New Delhi has warned Twitter to re-block access to accounts on its platform that had used a hashtag connected to a farmers’ protest, or to face penalties under Indian law.

The social media giant originally complied with a government request on Monday to suspend access to the Twitter accounts in India, including those of The Caravan, an influential magazine, as well as politicians from opposition parties.

The request was made under Section 69A of the Information Technology act, which allows the government to direct intermediaries such as social media companies to block accounts “in the interest of sovereignty and integrity of India”.

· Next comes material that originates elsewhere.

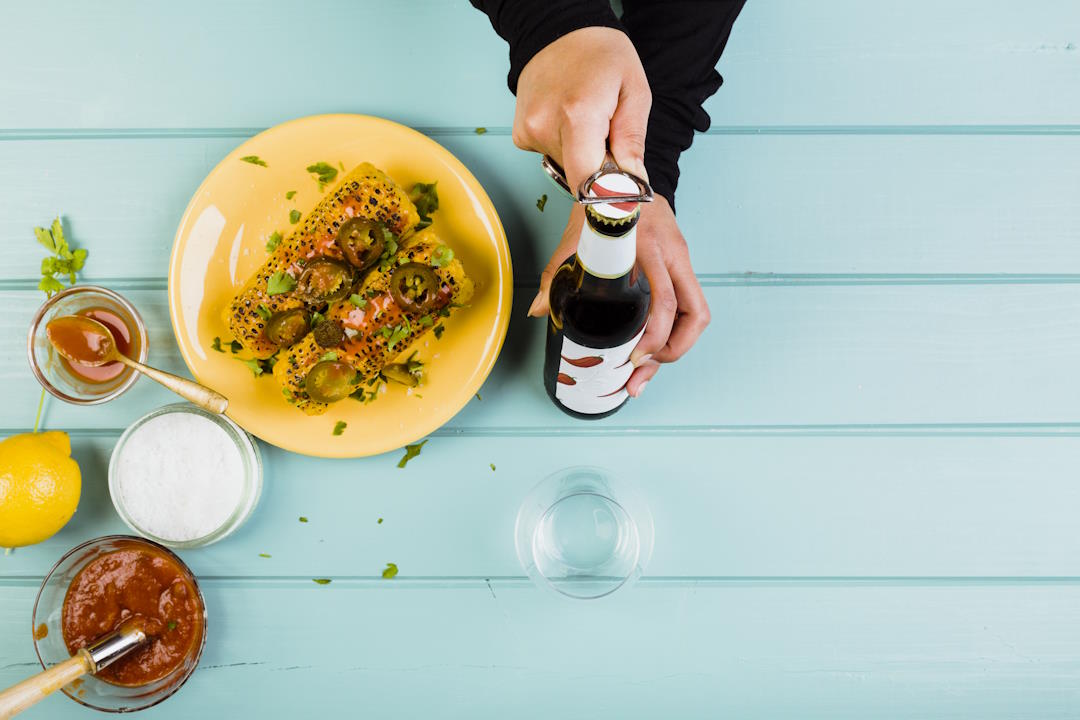 Alimentation est l'une des facteurs de la bouffée de chaleur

The order targeted more than 200 accounts that had tweeted using the hashtag #modiplanningfarmersgenocide, aimed at New Delhi’s agriculture reforms. Thousands of farmers have been camping on the outskirts of the city for more than two months protesting against the new legislation, which aims to promote greater private sector competition.

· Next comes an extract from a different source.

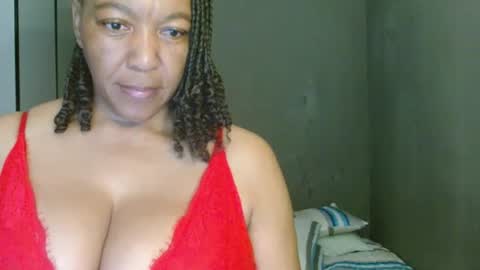 Snapshot of hotlilya chatting on 04/14/26, 08:09 hotlilya online show from 04/14/26, 08:09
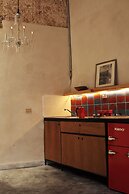 FIXIE LOFTS - Colonial Villa Suites with Pool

But Twitter unblocked the accounts following uproar from free speech proponents. Critics viewed the measure as a way to attack prominent critics through the lens of protecting public safety.

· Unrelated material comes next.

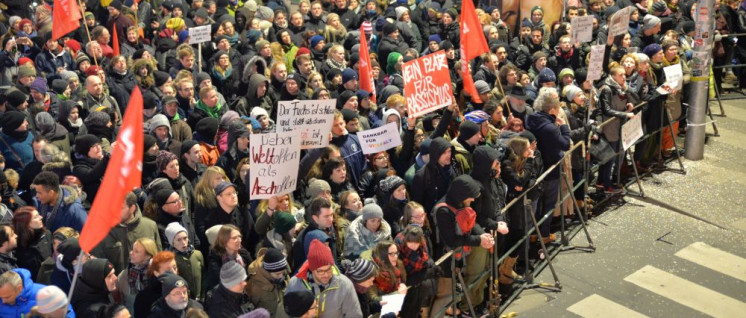 Düsseldorf stellt sich quer gegen den Pegida-Ableger „Dügida“ (Foto: [url=https://www.flickr.com/photos/gruenenrw/16132954028/in/photolist-qS2Je6-qzBBaN-qzLfkn]Bündnis 90/Die Grünen Nordrhein-Westfalen/flickr.com[/url])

This lead the government to issue a fresh warning to the company on Tuesday, according to a spokesperson at the Ministry of Electronics & Information Technology.

“The restoration [of those accounts] is in violation of the judicial process,” said a ministry spokesman to the Financial Times, adding that Twitter was “not following the law of the land”.

Under Section 69A, intermediaries that fail to comply with government directives may be “punished with an imprisonment for a term which may extend to seven years and shall also be liable to fine[s].”

Twitter declined to comment.

The stand-off comes as social media platforms have faced increasing pressure from governments in the Asia-Pacific region to censor content from dissidents, or to overlook hate speech coming from the governments themselves. Last year Facebook failed to ban a politician from the ruling party of Narendra Modi, India’s prime minister, despite his breaching the platform’s rules, according to the Wall Street Journal.

The Twitter case has placed a spotlight on the broad powers of Indian authorities to regulate the internet. “It’s one thing to ban a set of tweets that are potentially or allegedly illegal, it’s another . . . to ban an account itself,” said Nikhil Pahwa, a digital rights activist and founder of digital policy news site MediaNama.

Criticism has also been made of the “strict confidentiality” that surrounds government requests to block accounts. “The detailed rationale for blocking information on social media must be accessible to the public,” said Vivan Sharan, partner at policy research and advocacy firm Koan Advisory Group.

Mr Pahwa added that a showdown between Twitter and Delhi could lay the grounds for a court case on Section 69A, which the supreme court previously ruled as constitutional in 2015.

The farmers’ protests have intensified with clashes in the capital last week leaving one protester dead and hundreds of police injured. Support for the farmers on social media from celebrities including Rihanna and Greta Thunberg was met by a rebuke from the Indian government.

On Wednesday, the Indian Ministry of External Affairs said in a statement that “the temptation of sensationalist social media hashtags and comments . . . [was] neither accurate nor responsible.”